Every entry is to be restated exactly; pictures are not part of the copy.

_DATA SHOWN_
-.-.-
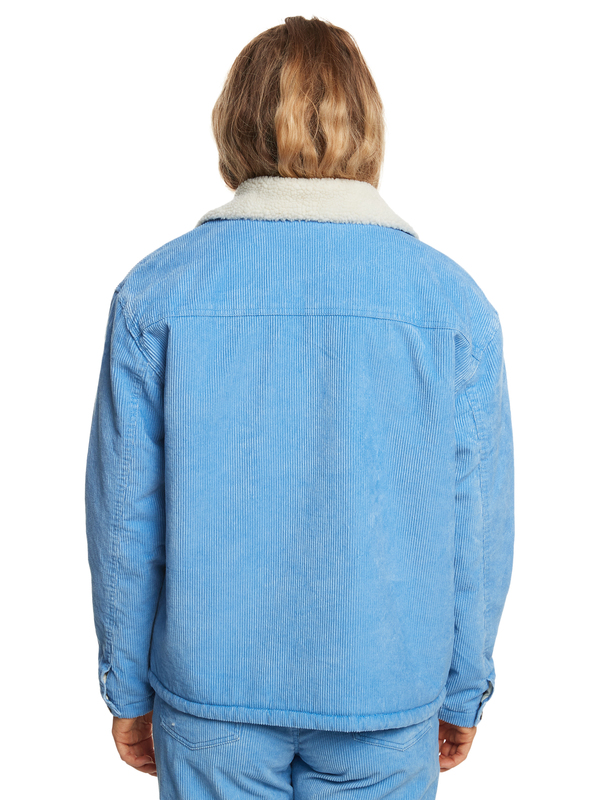 Quiksilver Womens West Dune Corduroy Jacket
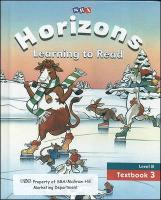 Book Cover for Horizons Level B, Student Textbook 3 by McGraw Hill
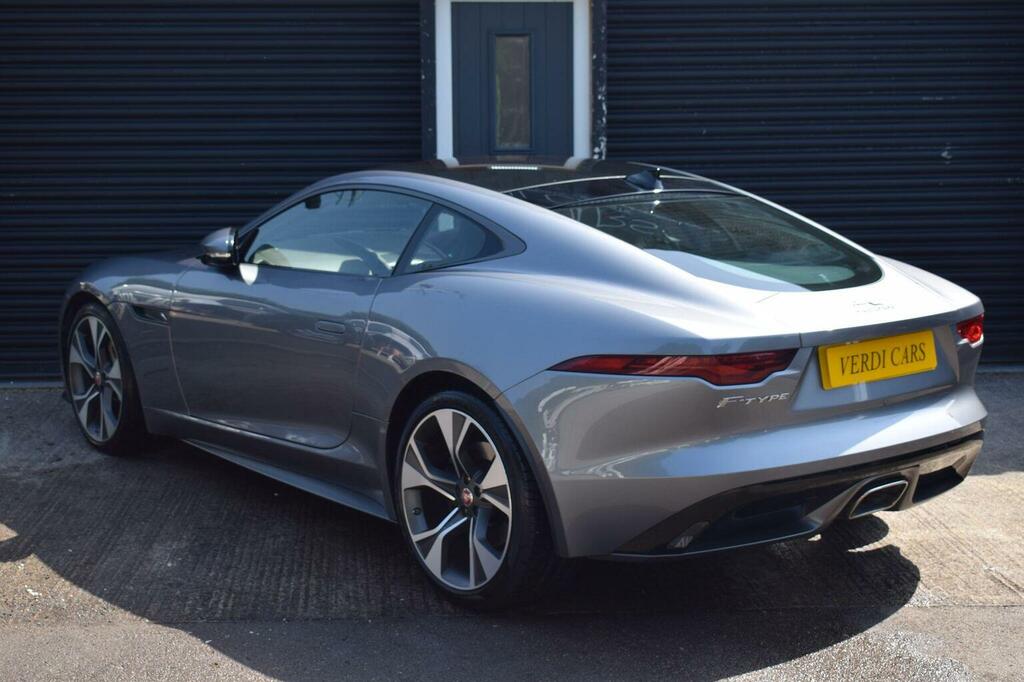 Jaguar F-Type 2.0 P300 Reims Edition Blue #9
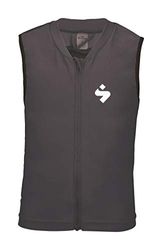 Sweet Protection JR True Black Gilet de Protection pour Le Dos Unisexe Taille XS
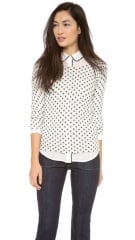 Club Monaco Abby Printed Sweater at Shopbop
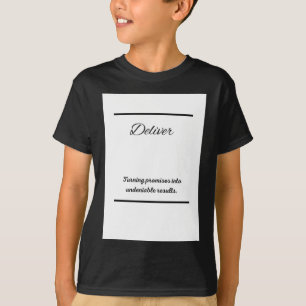 Relentless Ambition – Fearless Wall Art For Those T-Shirt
-.-.-
_SOLUTION TO THE EXERCISE_
 Quiksilver Womens West Dune Corduroy Jacket
 Book Cover for Horizons Level B, Student Textbook 3 by McGraw Hill
 Jaguar F-Type 2.0 P300 Reims Edition Blue #9
 Sweet Protection JR True Black Gilet de Protection pour Le Dos Unisexe Taille XS
 Club Monaco Abby Printed Sweater at Shopbop
 Relentless Ambition – Fearless Wall Art For Those T-Shirt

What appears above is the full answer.